坪庭に積もった雄大な雪原を縫って歩く、圧巻のパノラマルート
登山者の姿も多く、道はしっかりと踏み固められていて迷うことはありません。目の前に広がる雄大な山々を仰ぎながら、雪を踏みしめて歩くひとときは格別。ふわふわとした雪の感触も、この季節ならではの魅力です。

風の通り道の坪庭には、雪をさらうように風が吹く
ときおり吹き抜ける冷たい風が、冬の八ヶ岳の厳しさを感じさせますが、防寒グローブを着け、フードをしっかり被れば快適に歩けます。ふと振り返ると、そこにはアルプスの整った稜線がくっきりと浮かび、冠雪したその姿に思わず足を止めて見入ってしまいます。
北横岳ヒュッテでひと休み 山頂目前の静かな雪山スポット

北横岳ヒュッテは、山頂まであと少しの合図
北横岳への登山道を進むと、標高約2,400m地点にある山小屋「北横岳ヒュッテ」にたどり着きます。
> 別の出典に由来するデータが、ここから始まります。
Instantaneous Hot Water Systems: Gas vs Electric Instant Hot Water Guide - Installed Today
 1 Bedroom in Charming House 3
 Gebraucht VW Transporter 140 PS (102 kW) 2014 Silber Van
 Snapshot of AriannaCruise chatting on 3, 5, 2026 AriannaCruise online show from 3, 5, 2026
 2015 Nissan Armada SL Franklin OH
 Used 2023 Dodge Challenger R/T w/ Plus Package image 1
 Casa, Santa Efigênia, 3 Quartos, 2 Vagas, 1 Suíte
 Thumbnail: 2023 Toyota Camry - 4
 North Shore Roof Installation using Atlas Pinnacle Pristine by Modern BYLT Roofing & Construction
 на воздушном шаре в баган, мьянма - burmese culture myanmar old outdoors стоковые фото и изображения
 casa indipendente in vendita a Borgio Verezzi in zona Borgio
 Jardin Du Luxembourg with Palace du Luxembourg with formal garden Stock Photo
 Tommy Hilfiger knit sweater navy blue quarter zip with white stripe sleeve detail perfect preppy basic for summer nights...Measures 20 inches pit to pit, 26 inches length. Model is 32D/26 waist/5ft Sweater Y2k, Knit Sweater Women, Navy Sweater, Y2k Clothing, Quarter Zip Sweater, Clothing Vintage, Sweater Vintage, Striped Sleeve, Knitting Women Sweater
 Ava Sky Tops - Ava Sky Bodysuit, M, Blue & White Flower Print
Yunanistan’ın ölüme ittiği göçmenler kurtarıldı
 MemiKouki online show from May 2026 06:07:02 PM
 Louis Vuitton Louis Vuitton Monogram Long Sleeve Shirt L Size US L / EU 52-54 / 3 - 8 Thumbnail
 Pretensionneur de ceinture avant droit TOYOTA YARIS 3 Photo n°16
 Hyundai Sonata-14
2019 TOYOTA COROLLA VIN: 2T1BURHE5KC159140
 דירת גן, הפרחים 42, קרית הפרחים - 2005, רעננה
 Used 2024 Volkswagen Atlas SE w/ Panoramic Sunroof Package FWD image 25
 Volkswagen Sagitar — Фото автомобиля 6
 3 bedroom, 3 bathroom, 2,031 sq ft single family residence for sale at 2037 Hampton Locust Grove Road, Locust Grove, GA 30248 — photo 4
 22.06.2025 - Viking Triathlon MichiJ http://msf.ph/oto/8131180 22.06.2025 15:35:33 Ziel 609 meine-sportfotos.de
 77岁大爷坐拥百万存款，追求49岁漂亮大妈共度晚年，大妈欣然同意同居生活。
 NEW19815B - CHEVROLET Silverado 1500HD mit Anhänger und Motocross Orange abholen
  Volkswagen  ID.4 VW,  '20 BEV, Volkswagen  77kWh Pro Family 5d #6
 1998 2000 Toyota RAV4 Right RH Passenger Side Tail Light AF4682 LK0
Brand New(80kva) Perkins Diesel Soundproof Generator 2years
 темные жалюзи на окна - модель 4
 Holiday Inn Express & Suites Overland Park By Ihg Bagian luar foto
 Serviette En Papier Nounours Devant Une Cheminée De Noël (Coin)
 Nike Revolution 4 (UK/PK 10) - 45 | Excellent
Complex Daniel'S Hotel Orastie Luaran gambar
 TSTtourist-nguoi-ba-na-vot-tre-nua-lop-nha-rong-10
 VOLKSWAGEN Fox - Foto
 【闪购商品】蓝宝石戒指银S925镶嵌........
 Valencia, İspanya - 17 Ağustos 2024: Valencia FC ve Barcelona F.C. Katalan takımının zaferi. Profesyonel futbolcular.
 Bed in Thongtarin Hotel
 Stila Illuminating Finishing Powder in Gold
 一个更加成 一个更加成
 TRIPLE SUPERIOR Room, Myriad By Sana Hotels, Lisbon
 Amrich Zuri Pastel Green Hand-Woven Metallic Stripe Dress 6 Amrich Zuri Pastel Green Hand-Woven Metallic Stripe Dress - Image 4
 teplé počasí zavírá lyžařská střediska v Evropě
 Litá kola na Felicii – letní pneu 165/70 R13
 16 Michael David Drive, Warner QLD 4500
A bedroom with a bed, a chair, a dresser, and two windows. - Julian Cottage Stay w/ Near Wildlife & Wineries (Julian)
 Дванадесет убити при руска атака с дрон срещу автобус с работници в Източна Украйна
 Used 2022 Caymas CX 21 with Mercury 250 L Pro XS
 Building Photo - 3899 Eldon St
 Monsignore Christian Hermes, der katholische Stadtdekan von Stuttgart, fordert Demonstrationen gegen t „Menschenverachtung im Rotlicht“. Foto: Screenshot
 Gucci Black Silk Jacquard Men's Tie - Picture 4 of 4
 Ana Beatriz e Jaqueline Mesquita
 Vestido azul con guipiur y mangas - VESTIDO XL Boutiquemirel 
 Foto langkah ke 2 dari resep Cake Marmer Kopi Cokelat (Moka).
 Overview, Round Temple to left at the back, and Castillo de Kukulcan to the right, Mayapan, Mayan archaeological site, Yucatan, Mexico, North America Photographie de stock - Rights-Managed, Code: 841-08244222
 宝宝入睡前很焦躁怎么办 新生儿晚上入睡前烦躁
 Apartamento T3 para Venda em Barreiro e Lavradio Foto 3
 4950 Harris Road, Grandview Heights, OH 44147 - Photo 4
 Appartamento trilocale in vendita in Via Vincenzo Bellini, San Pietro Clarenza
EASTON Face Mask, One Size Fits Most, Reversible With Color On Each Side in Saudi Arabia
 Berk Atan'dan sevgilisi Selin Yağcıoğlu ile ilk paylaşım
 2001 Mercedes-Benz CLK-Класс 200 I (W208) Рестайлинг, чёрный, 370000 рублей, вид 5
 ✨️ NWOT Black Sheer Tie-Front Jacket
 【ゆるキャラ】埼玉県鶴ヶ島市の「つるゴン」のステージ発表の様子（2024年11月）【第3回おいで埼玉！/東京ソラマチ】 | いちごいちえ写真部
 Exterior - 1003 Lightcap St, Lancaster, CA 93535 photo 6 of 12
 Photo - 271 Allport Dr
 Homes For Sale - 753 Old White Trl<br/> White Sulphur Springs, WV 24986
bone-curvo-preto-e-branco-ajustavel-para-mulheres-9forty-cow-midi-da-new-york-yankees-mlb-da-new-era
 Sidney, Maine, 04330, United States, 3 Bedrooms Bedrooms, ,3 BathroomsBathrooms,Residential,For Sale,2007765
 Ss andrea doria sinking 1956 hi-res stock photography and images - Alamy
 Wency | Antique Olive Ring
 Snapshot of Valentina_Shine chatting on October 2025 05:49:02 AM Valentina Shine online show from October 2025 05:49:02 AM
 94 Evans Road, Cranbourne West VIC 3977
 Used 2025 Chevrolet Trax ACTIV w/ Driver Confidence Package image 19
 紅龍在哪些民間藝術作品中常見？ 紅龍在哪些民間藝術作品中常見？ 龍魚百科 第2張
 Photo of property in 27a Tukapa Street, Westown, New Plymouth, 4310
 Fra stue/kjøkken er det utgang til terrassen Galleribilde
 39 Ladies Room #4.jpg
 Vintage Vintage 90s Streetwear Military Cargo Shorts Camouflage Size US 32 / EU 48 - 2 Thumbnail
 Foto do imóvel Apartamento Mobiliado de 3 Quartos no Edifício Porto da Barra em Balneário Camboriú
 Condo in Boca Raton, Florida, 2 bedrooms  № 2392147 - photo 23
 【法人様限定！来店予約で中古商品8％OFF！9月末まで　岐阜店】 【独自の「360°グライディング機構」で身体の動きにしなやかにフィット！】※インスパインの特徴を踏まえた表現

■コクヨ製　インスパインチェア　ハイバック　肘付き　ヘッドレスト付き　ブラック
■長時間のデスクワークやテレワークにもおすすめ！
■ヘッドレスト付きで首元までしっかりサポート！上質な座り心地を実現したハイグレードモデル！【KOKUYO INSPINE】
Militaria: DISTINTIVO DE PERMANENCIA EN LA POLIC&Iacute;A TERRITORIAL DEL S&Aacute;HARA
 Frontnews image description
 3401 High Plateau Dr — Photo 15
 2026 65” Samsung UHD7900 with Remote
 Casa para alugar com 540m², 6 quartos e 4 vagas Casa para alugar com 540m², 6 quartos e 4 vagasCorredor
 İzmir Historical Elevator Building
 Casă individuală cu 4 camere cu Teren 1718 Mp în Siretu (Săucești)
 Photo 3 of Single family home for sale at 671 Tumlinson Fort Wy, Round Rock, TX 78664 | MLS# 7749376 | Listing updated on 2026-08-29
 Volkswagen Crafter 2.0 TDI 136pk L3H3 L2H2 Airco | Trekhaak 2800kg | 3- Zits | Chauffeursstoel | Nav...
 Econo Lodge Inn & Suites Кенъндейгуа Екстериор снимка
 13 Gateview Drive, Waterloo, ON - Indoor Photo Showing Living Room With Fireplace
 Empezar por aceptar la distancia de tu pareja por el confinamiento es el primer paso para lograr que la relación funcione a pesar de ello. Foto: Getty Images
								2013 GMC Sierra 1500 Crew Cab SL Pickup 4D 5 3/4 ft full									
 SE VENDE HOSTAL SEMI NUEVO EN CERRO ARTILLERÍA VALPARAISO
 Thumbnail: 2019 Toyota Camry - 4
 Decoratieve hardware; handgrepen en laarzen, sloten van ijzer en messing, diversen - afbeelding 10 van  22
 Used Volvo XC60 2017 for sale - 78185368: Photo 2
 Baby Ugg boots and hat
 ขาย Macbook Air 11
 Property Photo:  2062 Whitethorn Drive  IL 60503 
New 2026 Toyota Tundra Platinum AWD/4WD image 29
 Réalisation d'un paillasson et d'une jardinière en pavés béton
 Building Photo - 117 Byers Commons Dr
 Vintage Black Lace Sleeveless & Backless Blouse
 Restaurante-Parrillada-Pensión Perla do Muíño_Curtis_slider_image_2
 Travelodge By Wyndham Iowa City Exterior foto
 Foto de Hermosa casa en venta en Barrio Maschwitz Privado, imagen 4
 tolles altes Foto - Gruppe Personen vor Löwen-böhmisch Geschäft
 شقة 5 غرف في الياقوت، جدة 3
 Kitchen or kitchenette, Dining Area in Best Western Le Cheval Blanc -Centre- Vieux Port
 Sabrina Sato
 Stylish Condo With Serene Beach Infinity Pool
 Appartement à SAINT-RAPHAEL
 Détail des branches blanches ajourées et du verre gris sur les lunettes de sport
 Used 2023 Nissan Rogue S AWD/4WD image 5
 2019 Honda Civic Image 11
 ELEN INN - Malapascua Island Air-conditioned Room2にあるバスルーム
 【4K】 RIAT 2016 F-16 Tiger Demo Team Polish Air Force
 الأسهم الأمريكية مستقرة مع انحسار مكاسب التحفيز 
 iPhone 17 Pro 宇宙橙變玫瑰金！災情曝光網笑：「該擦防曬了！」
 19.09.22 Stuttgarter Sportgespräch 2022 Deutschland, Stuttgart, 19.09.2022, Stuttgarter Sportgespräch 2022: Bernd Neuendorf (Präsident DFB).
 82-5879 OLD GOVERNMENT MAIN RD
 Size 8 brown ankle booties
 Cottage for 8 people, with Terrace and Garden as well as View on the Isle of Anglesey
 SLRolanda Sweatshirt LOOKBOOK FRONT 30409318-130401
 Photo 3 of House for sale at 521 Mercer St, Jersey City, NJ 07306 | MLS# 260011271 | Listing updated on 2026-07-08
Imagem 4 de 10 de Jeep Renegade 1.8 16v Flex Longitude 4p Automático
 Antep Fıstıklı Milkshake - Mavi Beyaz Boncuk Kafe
北八ヶ岳ロープウェイの山頂駅からは、歩いて1時間ほど。ヒュッテの周りは開けた広場になっており、休憩ポイントとして立ち寄る登山者も多く見られます。

ひときわ存在感を放つ浅間山(あさまやま、標高2,568m)の山容を遠望
ただし、「北横岳ヒュッテ」は予約がない日は休館となるため、訪れる際は事前確認を。昼食や喫茶のサービスは行っていないので、食べ物や飲み物はロープウェイ乗車前に必ず準備しておくと安心です。晴れた日には、広場から浅間山(標高2,568m)や周囲の山並みを望むことができます。
北横岳山頂から望む雪山絶景 南峰・北峰の360度大パノラマ展望

やわらかな稜線が美しい北横岳の南峰
北横岳の山頂は南峰と北峰の2つに分かれており、まずは南峰に立ち、その後短い稜線をたどって北峰へ向かいます。どちらも視界が開け、蓼科山(諏訪富士)や北アルプス、八ヶ岳、さらに遠くには中央アルプスまで望める360度の大パノラマが広がります。

白銀の信州の山並みを一望する山頂の絶景パノラマ
雪をまとった稜線と透き通るような青空のコントラストは、冬ならではの美しさ。登頂の喜びを一層強く感じられる瞬間です。風が強く気温も低いため、防寒対策は万全に。山頂周辺の木々に付着する樹氷が、自然のつくり出す繊細な造形美を見せてくれます。
ここから先に紹介する縞枯山や三ッ岳への縦走は、起伏や岩場が多く、より雪山歩きに慣れた方向けのコースになります。時間と体力にゆとりがあり、アイゼンやストックの使用に慣れている場合に楽しめる行程です。
冬の北八ヶ岳をゆったり味わいたい方や、雪山が初めての方は、北横岳山頂で折り返すルートも十分に魅力があります。
北横岳から三ッ岳への雪山縦走 岩峰と白銀の展望が広がる変化に富んだ道

立ち枯れの森が広がる独特な景観の縞枯山
北横岳山頂から縞枯山(しまがれやま)方面へと続く縦走路は、立ち枯れの森や岩場、雪原など変化に富んだ景色が楽しめるコースです。
一方で、起伏があり距離もやや長くなるため、雪山歩きに慣れている方や時間・体力にゆとりのある方向け。10本爪以上のアイゼンや防寒装備を整え、景色を味わいながらゆっくりと進みましょう。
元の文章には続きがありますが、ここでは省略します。